False 911 Call Stretches Resources Thin

Posted at 5:56 PM, May 18, 2016
and last updated 2016-05-18 20:11:42-04

On a typical day the Duck River has been known as a peaceful place, tucked in the valley of downtown Columbia. However, Tuesday afternoon was a much different story.

"The call came in as just a dead body in the water, floating face down," Columbia Fire Department Assistant Chief Kirk Marks said. 

Crews were on the scene in minutes but quickly realized things weren't as they seemed.

"The story changed a couple times. The original caller initially said, 'No, it's just debris.' Then they said, 'No, I think it is a body,'" explained Marks. 

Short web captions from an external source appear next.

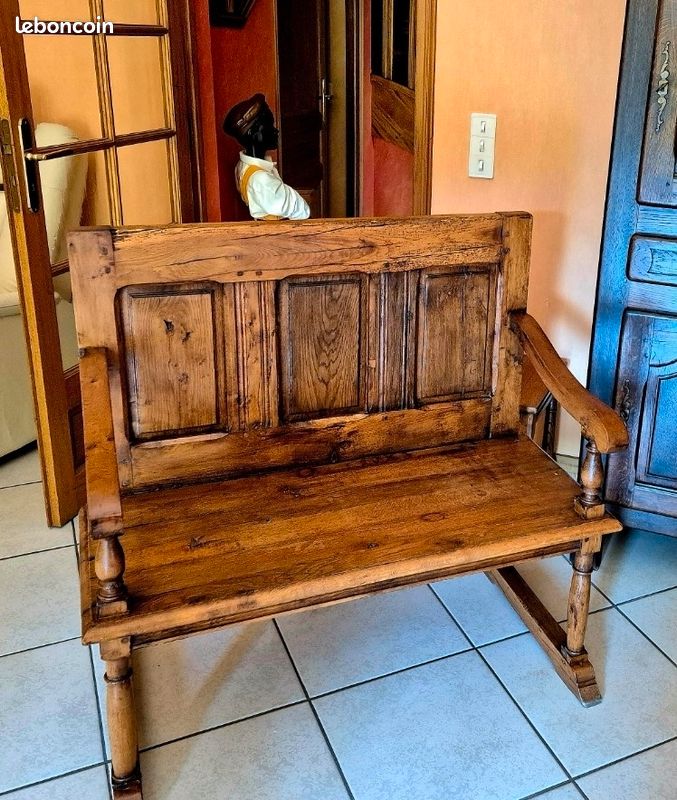 Banc (image 1)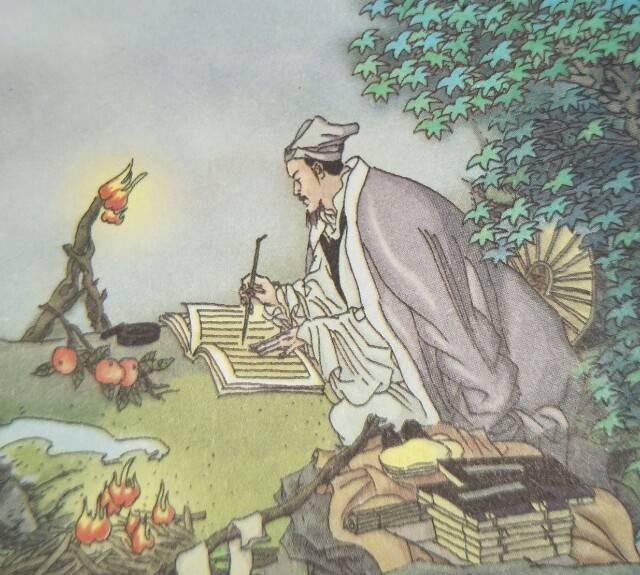 徐霞客游记是哪个朝代的徐霞客所著（徐霞客是哪个朝代旅行家）(图2)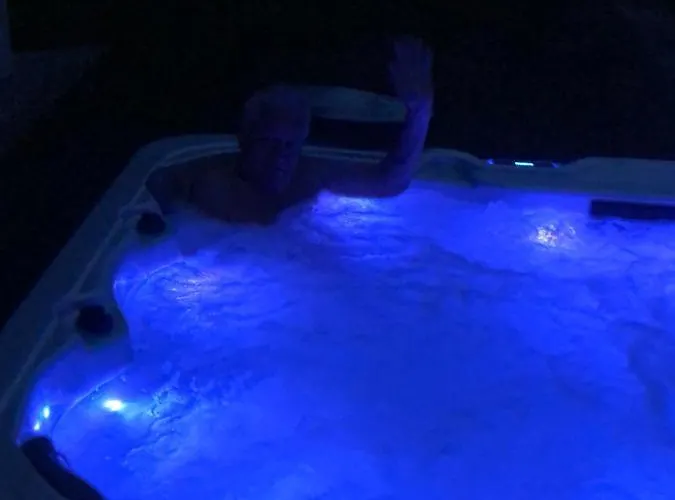 Bergchalet Dein Paradies Chalet *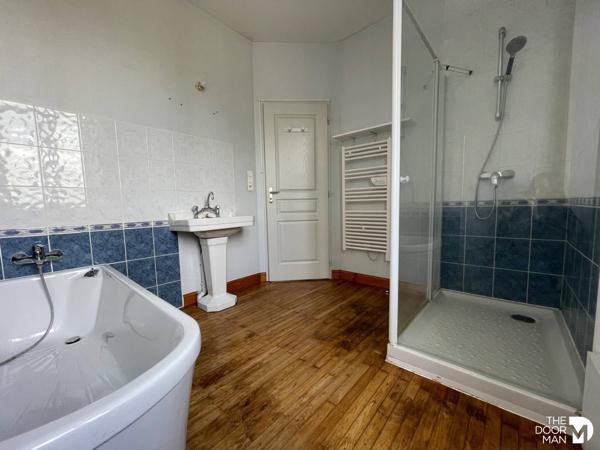 Maison - Vendu - 100 m² - NIORT | The Door Man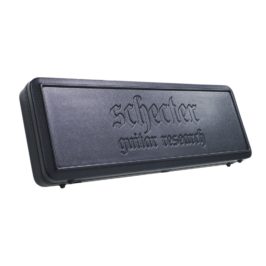 schecter c-shape (sgr-1c) hardcase kofer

Despite that, crews headed into the river to begin their search.

"As soon as we put people in the water we still have to go through the same process," said Marks. "You have to deal with the downstream safety, upstream safety, so you're bringing in a lot of resources for that type of call."

However, Columbia's Fire and Rescue wasn't the only agency impacted.

"We work closely with Maury County Fire for our water team. We combine resources so we're putting them on standby," Marks said. 

First responders were in the water a little over an hour. When it was clear there was no body in the water, they used the opportunity as a  training exercise. 

However, it turns out non-emergency calls happen more often than many may think.

"Very often actually," said Marks. "Even something as simple as an alarm activation, you have to treat it like this is going to be a structure fire."

It leaves tax payers responsible for flipping the majority of the bill.

"You can be looking at, for an hour call, maybe looking at $1,500, $2,000," Marks said. 

However, it's money well spent if it means a life saved.